Zdaniem Urszuli Cieślak z biura maklerskiego Reflex ograniczone dostawy oleju napędowego to konsekwencja prowadzonej przez Orlen polityki, która spłaszczyła cenę paliwa na rynku hurtowym, przez co jego import przestał być opłacalny. O tej sprawie pisaliśmy TUTAJ.
Orlen: dostwy paliw przebiegają bez zakłóceń.
O to, czy sytuacja się unormuje i dostawy paliwa dla rolników będą zabezpieczone, zapytaliśmy Orlen.
W odpowiedzi Biuro Komunikacji Korporacyjnej Orlen poinformowało, że koncern wywiązuje się ze wszystkich kontraktów zawartych z odbiorcami hurtowymi.
- Dostawy benzyny i oleju napędowego do wszystkich naszych klientów zewnętrznych oraz na stacje paliw Orlen przebiegają bez zakłóceń. Produkcja własna w rafineriach w Płocku i Gdańsku, uzupełniana importem realizowanym przez koncern, jest wystarczająca, aby wszyscy odbiorcy, którzy posiadają umowy z Grupą Orlen, byli zaopatrywani w taką ilość paliwa, jaką zadeklarowali – tłumaczy nam Orlen.
Orlen przypomina też, że posiada około 65 proc. udziału w polskim rynku paliw, obejmującego łącznie sprzedaż detaliczną prowadzoną przez stacje koncernu oraz hurtową na rzecz klientów zewnętrznych.
- Pozostała część polskiego rynku bilansowana jest importem i obsługiwana przez niezależne firmy.
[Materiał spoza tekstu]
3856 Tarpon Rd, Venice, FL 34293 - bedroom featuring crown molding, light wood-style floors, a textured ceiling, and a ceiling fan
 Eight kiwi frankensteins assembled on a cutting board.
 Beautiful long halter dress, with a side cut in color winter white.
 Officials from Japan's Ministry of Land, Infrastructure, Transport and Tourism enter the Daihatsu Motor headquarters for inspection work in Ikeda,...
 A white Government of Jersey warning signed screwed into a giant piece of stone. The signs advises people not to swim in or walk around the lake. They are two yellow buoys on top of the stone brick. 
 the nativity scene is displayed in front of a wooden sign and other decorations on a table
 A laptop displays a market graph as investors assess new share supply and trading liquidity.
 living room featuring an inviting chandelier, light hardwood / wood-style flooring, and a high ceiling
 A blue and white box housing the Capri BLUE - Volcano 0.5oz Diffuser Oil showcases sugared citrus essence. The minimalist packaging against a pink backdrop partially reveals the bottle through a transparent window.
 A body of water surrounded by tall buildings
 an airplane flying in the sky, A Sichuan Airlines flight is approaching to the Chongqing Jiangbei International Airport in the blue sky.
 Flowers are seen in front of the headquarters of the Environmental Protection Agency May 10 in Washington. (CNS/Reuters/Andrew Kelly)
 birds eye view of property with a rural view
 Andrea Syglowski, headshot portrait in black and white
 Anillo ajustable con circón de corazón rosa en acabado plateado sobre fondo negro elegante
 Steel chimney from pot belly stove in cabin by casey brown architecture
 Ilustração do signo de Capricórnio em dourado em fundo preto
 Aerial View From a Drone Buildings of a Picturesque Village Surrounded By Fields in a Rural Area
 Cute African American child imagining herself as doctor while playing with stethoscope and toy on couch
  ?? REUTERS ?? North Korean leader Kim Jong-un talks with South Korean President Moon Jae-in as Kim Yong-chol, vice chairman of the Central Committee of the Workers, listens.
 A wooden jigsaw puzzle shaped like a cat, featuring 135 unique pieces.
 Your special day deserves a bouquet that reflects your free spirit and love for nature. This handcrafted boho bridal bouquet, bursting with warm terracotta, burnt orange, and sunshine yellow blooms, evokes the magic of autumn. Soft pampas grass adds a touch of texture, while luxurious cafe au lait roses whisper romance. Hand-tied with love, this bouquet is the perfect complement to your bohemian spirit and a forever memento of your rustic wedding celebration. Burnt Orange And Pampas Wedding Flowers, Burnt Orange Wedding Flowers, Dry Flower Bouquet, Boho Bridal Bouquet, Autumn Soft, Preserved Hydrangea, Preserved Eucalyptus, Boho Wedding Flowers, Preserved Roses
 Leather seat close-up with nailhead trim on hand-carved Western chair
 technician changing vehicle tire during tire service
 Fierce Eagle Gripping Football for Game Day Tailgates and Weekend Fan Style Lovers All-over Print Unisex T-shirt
Grupa Orlen nie odnosi się do działań pozostałych uczestników rynku, pośredników i importerów, wykonywanych przez nich umów i stosowanych polityk cenowych – wyjaśnia nam Orlen.
Grupa zapewnia jednocześnie, że monitoruje rynek i analizuje działania, które mogłyby stabilizować rynek w przypadku, gdyby pozostałe firmy działające na rynku hurtowym nie zapewniały odpowiedniej podaży paliw.